Es verano. Son los últimos días de unas vacaciones totalmente improvisadas, cortas, desganadas y distintas. Vacaciones extrañas, sobre todo por el momento personal que estamos viviendo. Estos días se han convertido en días de actividad frenética, mezcla de situaciones, de vivencias, visitas a los amigos, comidas largas, sobremesas apetitosas por la compañía y la conversación, noches frescas de gin-tonic y añoranza.
Estos dias, de amigos reencontrados, de alegrías y de grandes tristezas, tienen momentos especiales, muy especiales.

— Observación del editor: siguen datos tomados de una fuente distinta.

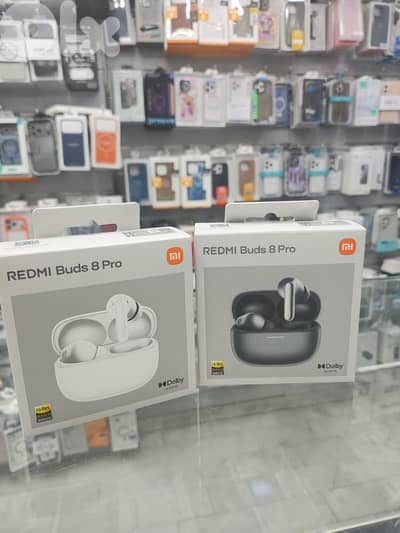 Redmi Buds 8 Pro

Estos momentos, que sólo me los dedico a mí, la persona que más quiero (que le vamos a hacer, soy mi más ferviente admiradora y la persona a la que más amo), son los de las horas muertas, las de las siestas. Cada uno recogido en su casa, en sus habitaciones, a la sombra de un sol de justicia, dedicándose cada uno a lo que más le apetece. Unos a quererse y ofrecerse las mil caricias que el día les niega, otros a descansar, y otros, los menos, a intentar encontrar un sentido a la vida que llevamos y buscar un futuro más allá del 30 de agosto.
Esta hora baja es de la que más me gusta, la que da un tiempo y un respiro antes de seguir caminando. Un hora para no dormir nunca, una hora para, en el mejor de los casos, morirse de amor.